Ga naar inhoud

Talent Feedback Sessies 2019

Monday’s Talent Feedback Sessions enabled a selection of young filmmakers to receive top level guidance and support from a stable of industry experts. In the main these experts were also young and not so far advanced in their career, and therefore highly conversant with the needs, fears and frustrations of the new talents.

The format is simple. The talent sits silently as the table discusses their project plan. After twenty minutes they are invited to reflect on what they have heard and to respond with questions of their own.

“This process is acted out on four tables,” stresses Dorien van de Pas, Head of New Screen NL at the Netherlands Film Fund and the Dutch representative at Eurimages.

“Sometimes you get the same reflection from all the tables so you know that there is something tangible for the talents to react to, or sometimes they are completely different comments. Obviously they feel vulnerable when sharing their ideas so we try to create a safe environment for them, and also it is very important that they start to develop their network here. It’s not all about the plan, the experts were constructive in addressing this aspect of their HFM attendance as well.”

Filmmaker Anna Berlis didn’t quite know what to expect but found the experience exhilarating. “I didn’t know that they were going to put you outside the box, and talk about the plan as if you are not there. That feels a little uncomfortable at first but I think this way makes it really valuable because they can say everything that they think of, uninterrupted, before I give an answer.”

Her project concerns a farmer’s daughter who wants to go away to study but whose father wants her to take over the farm on her 18th birthday, which is itself marked by the ritual slaughter of a chicken.

“The experts gave me a lot of new insights, one being to get it all down on the page. I expect the reader to know everything that is in my head,” Berlis comments, adding, “It was nice to hear that people like my story, were getting excited and want to know more about it.”

Expert Ashar Medina (screenwriter) reflected on the event. “For me, feedback is a mirror on what you are trying to tell with your story. For us, the most we can do is not tell the talents what their story should be but to ask questions, mostly about their intentions. As a writer I also get a lot of feedback and what sometimes happens is that people take things out of your plan or your synopsis or your treatment and say ‘this doesn’t work and needs to be this or that’, instead of going to the core of it and asking ‘why is it that?’ So what I try to do is to go to the core and really try to discover why they started telling the story and what it is about this story or this character that they want to say.”

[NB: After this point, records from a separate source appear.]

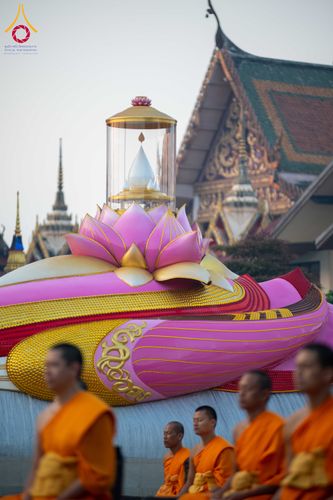 ภาพ No.297328:วันที่ 15 มกราคม พ.ศ.2569 พระธรรมยาตราปฏิบัติธรรมและถ่ายภาพหมู่ประวัติศาสตร์ อนุสรณ์สถานลำดับที่ 4 สถานที่เกิดด้วยกายธรรม  ณ วัดโบสถ์บน ต.บางคูเวียง จ.นนทบุรี ในโครงการธรรมยาตรา กตัญญูบูชา มหาปูชนียาจารย์ พระมงคลเทพมุนี(สด จนฺทสโร) พระผู้ปราบมาร อนุสรณ์ส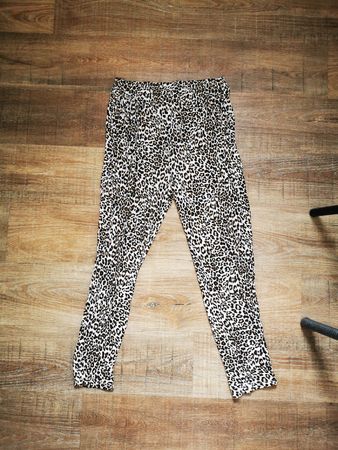 Leoprint Hose von H&M, Grösse M/L, perfekt für den Frühling!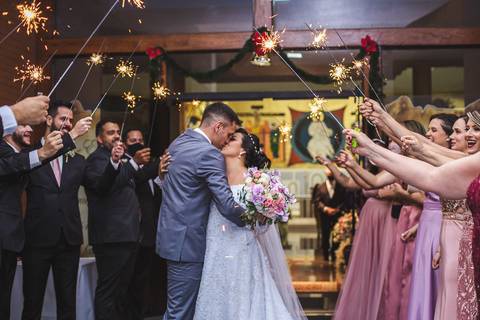 o que usar na saída dos noivos'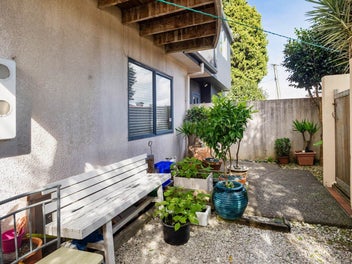 3-Level Townhouse Opposite St Lukes Mall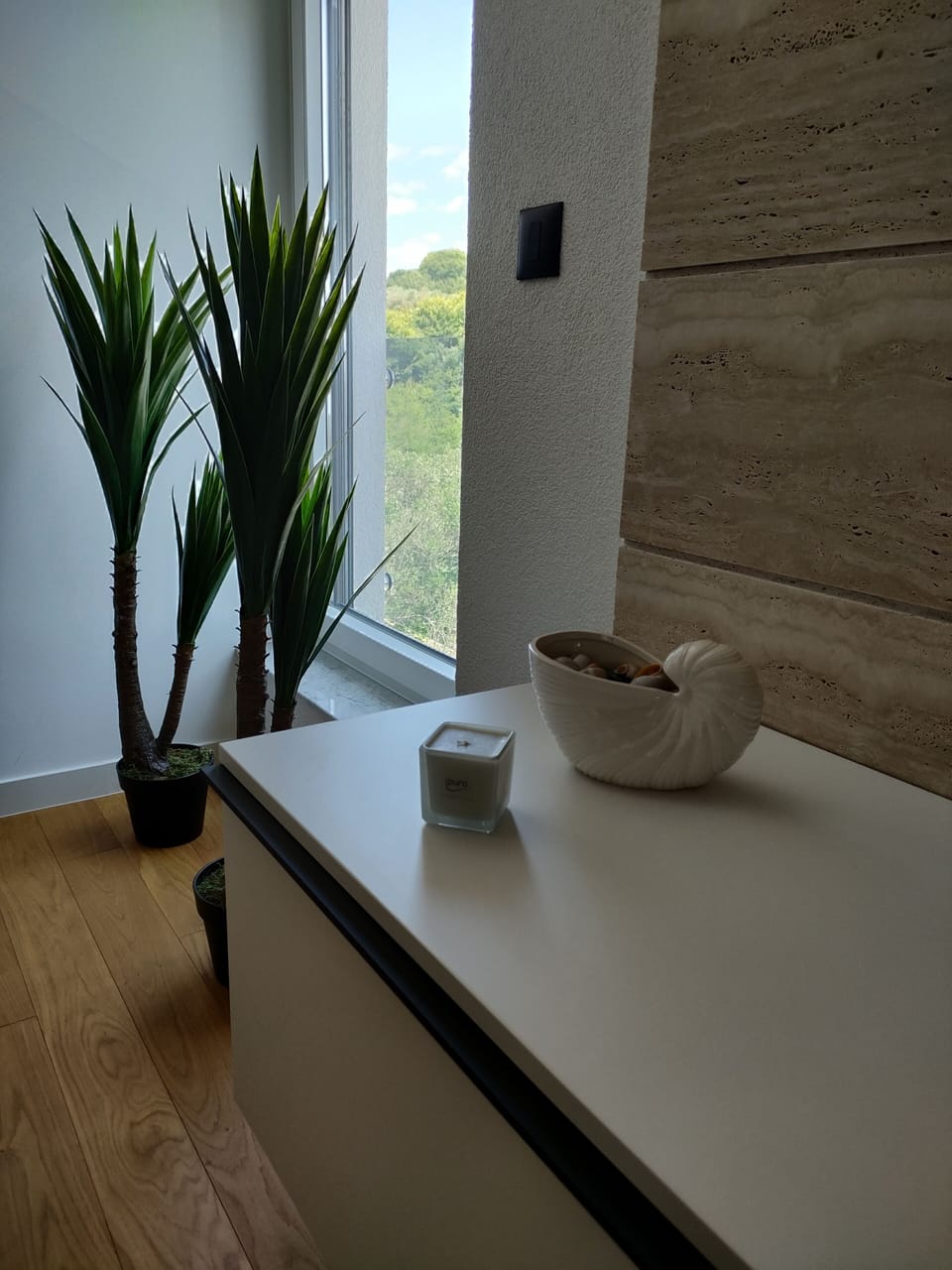 Living room with seaview, with entrance to big terrace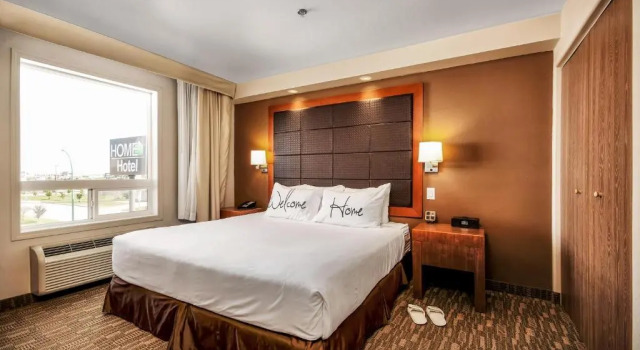 Двухместный люкс c 1 комнатой Home Inn & Suites Regina East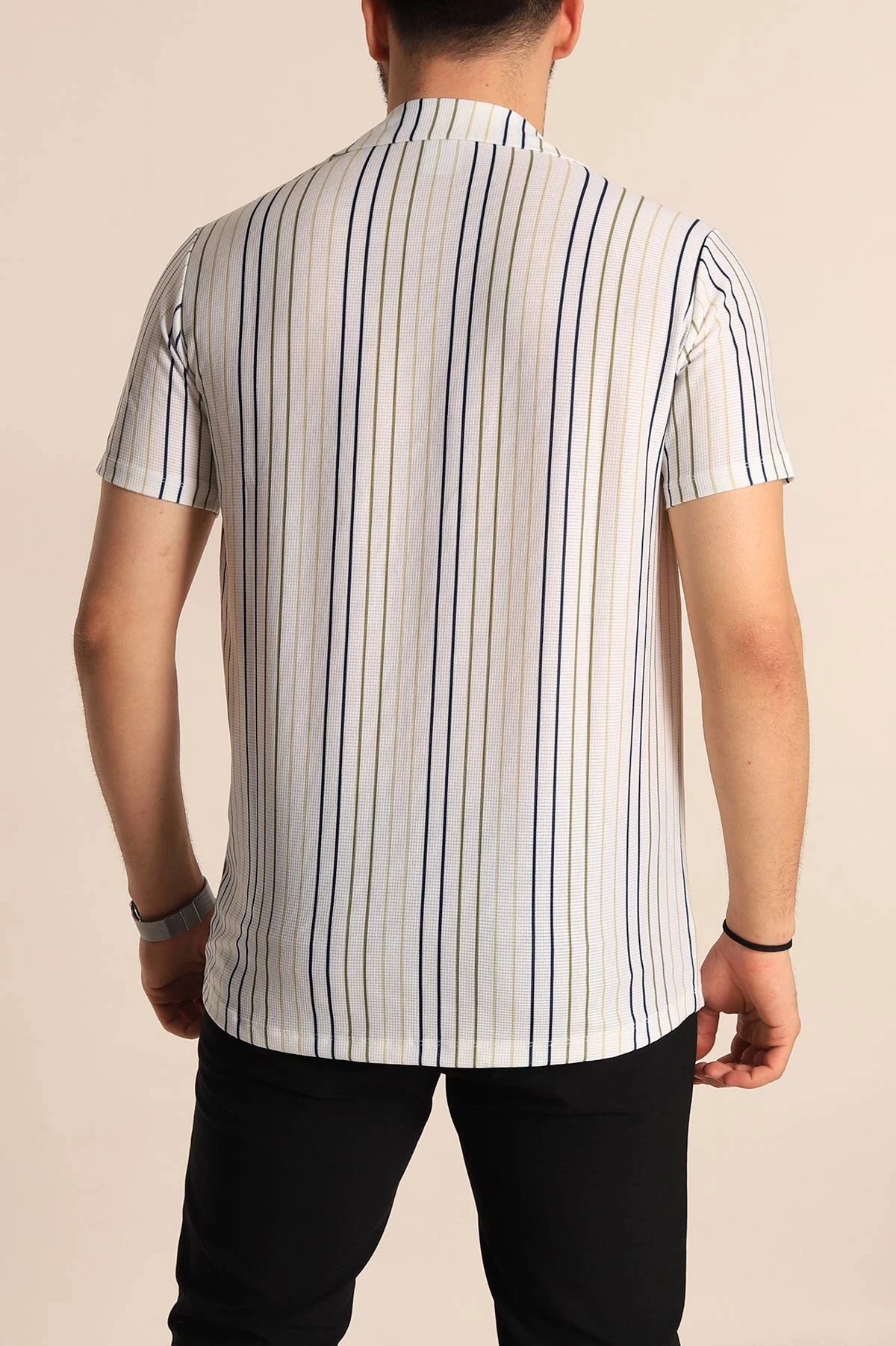 Beyaz Renkli Çizgili Slim Fit Apaş Yaka Erkek Gömlek 263897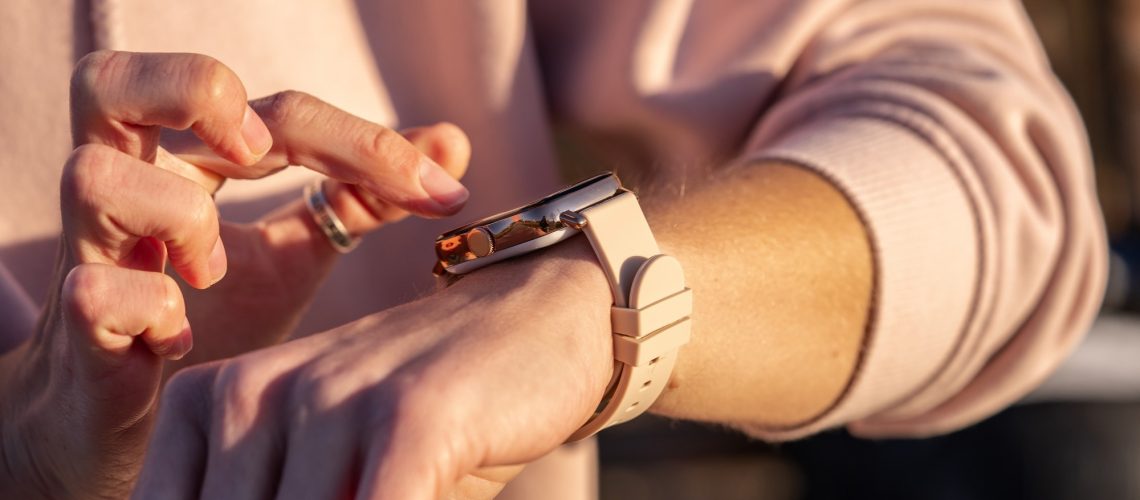 Study: Time- vs Step-Based Physical Activity Metrics for Health. Image Credit: zkolra / Shutterstock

“There were a couple pf stories that were really elaborate and visually interesting, talking about lenses and 4K, and the script was very descriptive about what we are going to see, but not yet what we were supposed to feel,” Medina continues. “Also some were doubting their endings. Does the character spread her wings or does she stay caged? I think when they pinpoint which the two they want to tell, or which rings more true, then they will find their direction more easily.”